The word caucus is of uncertain origin. Its first significant usage was in connection with an 18th-century political organization in Boston, the Caucus Club, which was influential in local elections. From 1800 to 1824 candidates for the presidency of the United States were regularly chosen by members of Congress in meetings, or caucuses, of their respective political parties. Subsequently these candidates were selected by national political conventions. However, congressional caucuses have continued to function for the purpose of deciding the official party position on matters of importance before the legislature. Similar political caucuses meet in most state and local legislative bodies, although their function of selecting candidates has been superseded in most states by primary elections.

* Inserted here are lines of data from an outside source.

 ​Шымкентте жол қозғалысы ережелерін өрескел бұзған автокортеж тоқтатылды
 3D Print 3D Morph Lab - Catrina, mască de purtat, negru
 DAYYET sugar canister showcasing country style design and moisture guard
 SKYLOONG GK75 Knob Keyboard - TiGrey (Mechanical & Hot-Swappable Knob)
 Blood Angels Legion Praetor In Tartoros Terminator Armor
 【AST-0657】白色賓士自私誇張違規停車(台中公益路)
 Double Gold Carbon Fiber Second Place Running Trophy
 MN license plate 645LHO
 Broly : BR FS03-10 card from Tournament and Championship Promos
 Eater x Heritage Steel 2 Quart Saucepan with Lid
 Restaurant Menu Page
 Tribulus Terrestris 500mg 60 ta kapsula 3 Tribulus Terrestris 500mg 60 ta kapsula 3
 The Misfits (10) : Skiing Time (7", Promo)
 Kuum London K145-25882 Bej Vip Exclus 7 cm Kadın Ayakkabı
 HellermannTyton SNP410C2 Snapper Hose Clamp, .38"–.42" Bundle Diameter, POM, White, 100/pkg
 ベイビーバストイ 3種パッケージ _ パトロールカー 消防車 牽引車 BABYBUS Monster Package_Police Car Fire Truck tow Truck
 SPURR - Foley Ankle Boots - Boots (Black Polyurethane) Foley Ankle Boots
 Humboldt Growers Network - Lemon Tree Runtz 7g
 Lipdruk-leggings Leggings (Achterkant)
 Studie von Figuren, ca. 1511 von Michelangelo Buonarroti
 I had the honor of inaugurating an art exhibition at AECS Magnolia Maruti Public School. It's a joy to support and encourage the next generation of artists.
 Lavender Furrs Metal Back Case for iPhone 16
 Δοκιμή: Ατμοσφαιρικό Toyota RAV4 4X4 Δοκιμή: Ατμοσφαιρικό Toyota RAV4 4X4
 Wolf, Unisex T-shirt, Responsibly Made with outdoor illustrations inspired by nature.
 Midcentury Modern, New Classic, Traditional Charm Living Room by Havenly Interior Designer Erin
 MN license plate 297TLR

For the most part, the major party candidates for political office in the United States are selected by voters in primary elections rather than by party leaders and activists meeting in caucuses. There are, however, a handful of exceptions. The most notable of these are the caucuses used by Iowa’s Democratic Party to select the state’s delegates to the Democratic national presidential convention. These Iowa caucuses begin with precinct-level meetings open to all party members in a “precinct,” the smallest electoral district within a county. Caucus participants select delegates to political conventions at the county level where, in turn, state convention delegates are chosen. The state convention selects Iowa’s national convention delegates. This procedure seems to allow considerable latitude for popular involvement in Iowa politics but is often criticized for encouraging participation by committed activists rather than the public at large. The Iowa caucus attracts considerable media attention, in part because it occurs in January of a presidential election year and is the first event in the Democratic Party’s selection process. Candidates who do well in the Iowa caucus often get a boost toward the eventual nomination.